NY Times [...] Wade’s approach — used schoolwide at Garfield
Elementary, in Oakland, Calif. — is part of a strategy known as
social-emotional learning, which is based on the idea that emotional
skills are crucial to academic performance.
“Something we now know, from doing dozens of studies, is that emotions
can either enhance or hinder your ability to learn,” Marc Brackett, a
senior research scientist in psychology at Yale University, told a crowd
of educators at a conference last June. “They affect our attention and
our memory. If you’re very anxious about something, or agitated, how
well can you focus on what’s being taught?”
Once a small corner of education theory, S.E.L. has gained traction in
recent years, driven in part by concerns over school violence, bullying
and teen suicide. But while prevention programs tend to focus on a
single problem, the goal of social-emotional learning is grander: to
instill a deep psychological intelligence that will help children
regulate their emotions.
For children, Brackett notes, school is an emotional caldron: a constant
stream of academic and social challenges that can generate feelings
ranging from loneliness to euphoria. Educators and parents have long
assumed that a child’s ability to cope with such stresses is either
innate — a matter of temperament — or else acquired “along the way,” in
the rough and tumble of ordinary interaction. But in practice, Brackett
says, many children never develop those crucial skills. “It’s like
saying that a child doesn’t need to study English because she talks with
her parents at home,” Brackett told me last spring. “Emotional skills
are the same. A teacher might say, ‘Calm down!’ — but how exactly do you
calm down when you’re feeling anxious? Where do you learn the skills to
manage those feelings?”
A growing number of educators and psychologists now believe that the
answer to that question is in school. George Lucas’s Edutopia foundation
has lobbied for the teaching of social and emotional skills for the
past decade; the State of Illinois passed a bill in 2003 making “social
and emotional learning” a part of school curriculums. Thousands of
schools now use one of the several dozen programs, including Brackett’s
own, that have been approved as “evidence-based” by the Collaborative
for Academic, Social and Emotional Learning, a Chicago-based nonprofit.
All told, there are now tens of thousands of emotional-literacy programs
running in cities nationwide.
The theory that kids need to learn to manage their emotions in order to
reach their potential grew out of the research of a pair of psychology
professors — John Mayer, at the University of New Hampshire, and Peter
Salovey, at Yale. In the 1980s, Mayer and Salovey became curious about
the ways in which emotions communicate information, and why some people
seem more able to take advantage of those messages than others.
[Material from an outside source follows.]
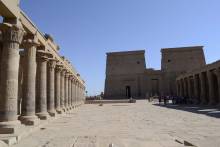 Esplanade du temple d'Isis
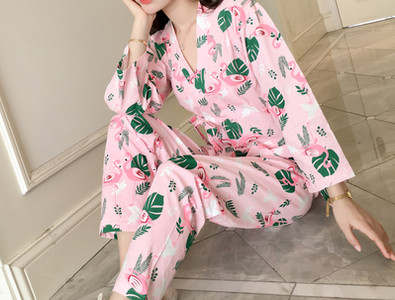 Γυναικείες πιτζάμες με εκτυπώσεις  από ελαφρύ ύφασμα σε διάφορα χρώματα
While
outlining the set of skills that defined this “emotional intelligence,”
Salovey realized that it might be even more influential than he had
originally suspected, affecting everything from problem solving to job
satisfaction: “It was like, this is predictive!”
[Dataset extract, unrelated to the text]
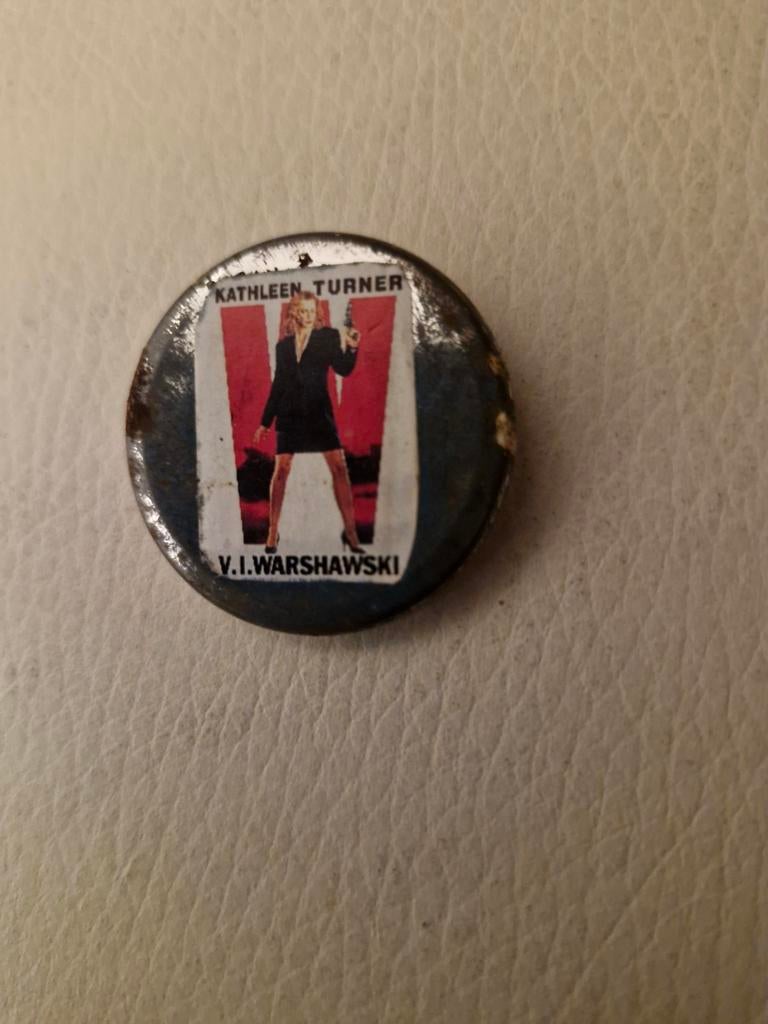 067 V.I. Warshawski Kathleen Turner button, Ophalen of Verzenden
In the years since, a number of studies have supported this view.
So-called noncognitive skills — attributes like self-restraint,
persistence and self-awareness — might actually be better predictors of a
person’s life trajectory than standard academic measures. A 2011 study
using data collected on 17,000 British infants followed over 50 years
found that a child’s level of mental well-being correlated strongly with
future success. Similar studies have found that kids who develop these
skills are not only more likely to do well at work but also to have
longer marriages and to suffer less from depression and anxiety. Some
evidence even shows that they will be physically healthier.